Assuming that you are running the Kazza on a Internal windows machine the
POSTROUTING should handle all of the out going of the Kazza Client...
hmmm . . . I revised my rule set recently using the iptables tutorial by Oskar Andreasson as a guide, and he recommends again doing any filtering in the nat tables.
http://iptables-tutorial.frozentux.net/chunkyhtml/traversingoftables.html#TRAVERSINGGENERAL
what is probably not making it through is the returning connection attempts of the Kazza servers? In which case... you shouldn't be using FORWARD lines at all sinnce these are supposedly destined for the local machine(as in the Linux box itself and not anything in your lan).
If you look further down in the link I posted, there is a diagram that shows INPUT going to the localhost and the FORWARD being used for packets destined for other hosts. Hmmm again . . . :-)

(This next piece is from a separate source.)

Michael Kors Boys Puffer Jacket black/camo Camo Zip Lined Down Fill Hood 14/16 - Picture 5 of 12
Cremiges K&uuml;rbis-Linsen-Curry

Absolutely! That's what makes this an issue for me. I can't nail down the ports Kazaa needs and the more I open up the less protection I have. I need to find a better strategy and I'm open to suggestions.What I think is needed here is the PREROUTING of a range or specific ports. I think this will solve your problem for Kazza but it offers very little as in the way of security for those ports.
An example of this is when I used to run my Half-Life Deadicated Server on my internal Windows Machine I used a PREROUTING line such as...
iptables -t nat -A PREROUTING -p udp --dport 27015 -i eth0 -j DNAT --to-destination 192.168.1.25:27015
While my scenerio was alot simpler than yours it's similar I think. Your problem will be of course finding the range of ports. I would also say take note of the use of limiting it to one protocol(if you can). Better to have a straw open to the world than a big ol sewer pipe!